STOCKHOLM.- Andréhn-Schiptjenko announces Xavier Veilhan’s new solo-exhibition, CEDAR, the artist’s seventh at the gallery.

A cut-up cedar tree trunk is aligned on both walls of the gallery space with geometrical and somehow chronological precision. Uninterrupted, the concentric timeline of the tree is transposed horizontally like an ancient neumatic music notation. This installation is conceptually strongly linked to much of Xavier Veilhan’s older work, always in reference to the decomposition of form, where image is a whole of multiple parts. We have seen it in pixels (Ghost Landscapes), discs (Cocardes), slices (Blind Sculptures), light bulbs (Light Machines), and in his various faceted sculptures.

When cutting a tree in a cross-sectional direction, as if slicing salami, we go against the functional logic of natural wood, rendering it more fragile.

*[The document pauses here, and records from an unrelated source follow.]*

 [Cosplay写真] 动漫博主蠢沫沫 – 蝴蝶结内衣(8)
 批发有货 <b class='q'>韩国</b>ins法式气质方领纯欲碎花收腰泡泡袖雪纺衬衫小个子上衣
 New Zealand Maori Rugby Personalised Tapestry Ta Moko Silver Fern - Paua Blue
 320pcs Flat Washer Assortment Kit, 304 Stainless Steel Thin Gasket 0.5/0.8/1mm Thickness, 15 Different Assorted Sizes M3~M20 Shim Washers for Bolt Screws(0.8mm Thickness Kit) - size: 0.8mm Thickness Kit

Yet the result is a distinctive reading of the tree: the trunk is systematically scanned, reminding us of a human MRI, or of the floors of a building in relation to its façade. This transversal approach generates a whole different relationship to the object and dissects it into an evolutive pallet. We are seeing time.

But it is not time that is Veilhan’s primary concern, it is distance. Keeping in mind the scientific discovery of relativity, the in-dissociable character of time and space, it is instead time and object that are intrinsic here: the object has grown and unfolds in an equivalent linear form. On this unperturbedly horizontal line Veilhan explores the relationship between time and distance. Like a waterline, he somehow erases any relation to the floor and defines a new “level zero”.

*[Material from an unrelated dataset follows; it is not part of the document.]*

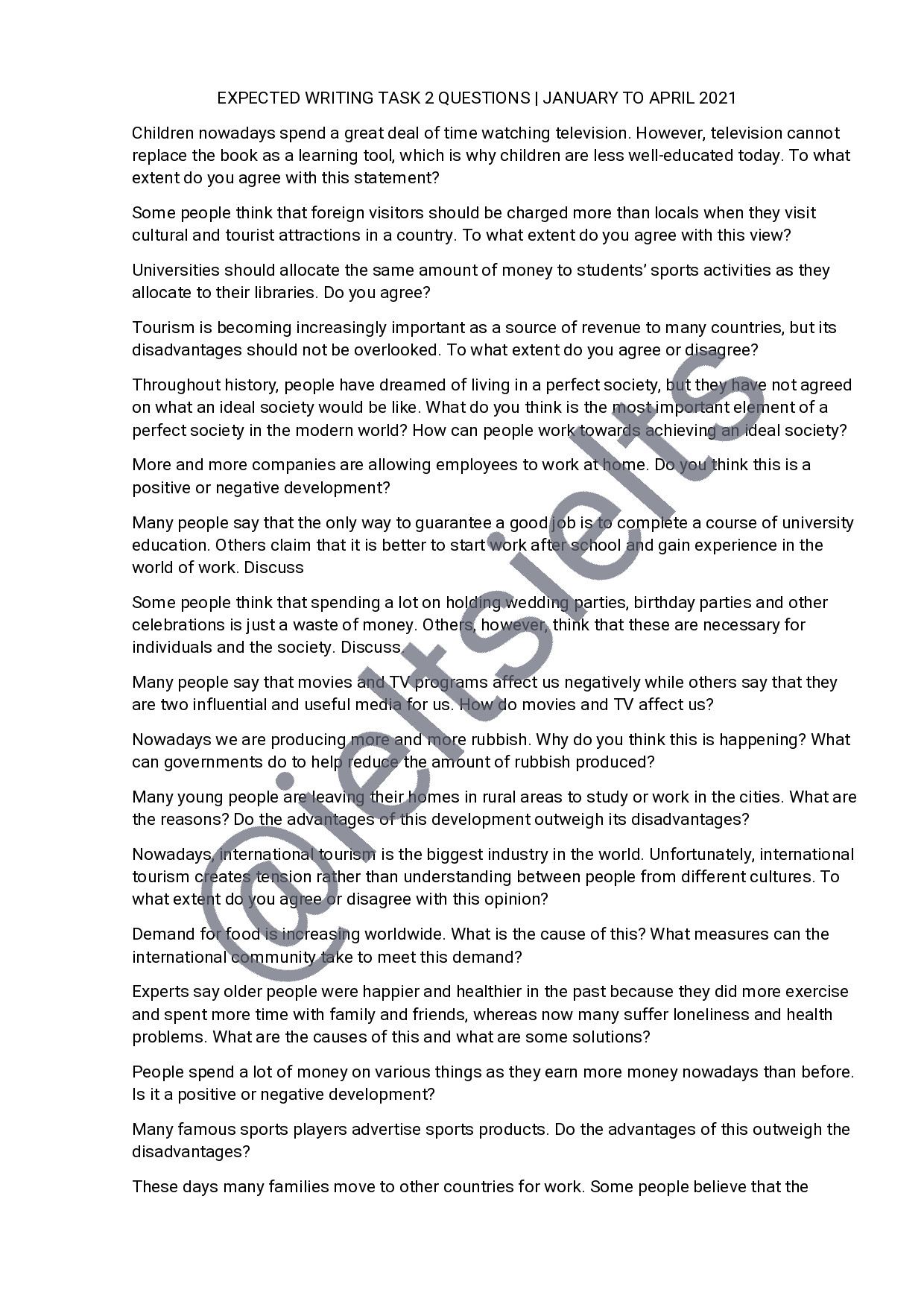 EXPECTED WRITING TASK 2 QUESTIONS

Xavier Veilhan was born 1963, lives and works in Paris, and is one of his generation’s most important artists. His work is multi-faceted; encompassing sculpture, installation, painting, photography as well as hybrids of all of these, and he is also engaged in performance work and filmmaking. He plays with the notions of the generic, of the industrially produced object and of universal representation, creating objects at once ambivalent and stark. Concerned with the scenography of a dedicated presentation, Veilhan addresses issues of perception as well as the physical and temporal relationships created within the context of the exhibition format.

Veilhan’s work is to be found in the most important public and private collections worldwide. He has made several permanent public works in numerous locations across the world – most recently The Skater in Osan, South Korea. An on-going project that has received great critical acclaim since 2012 is Architectones, artistic interventions in iconic architectural landmarks.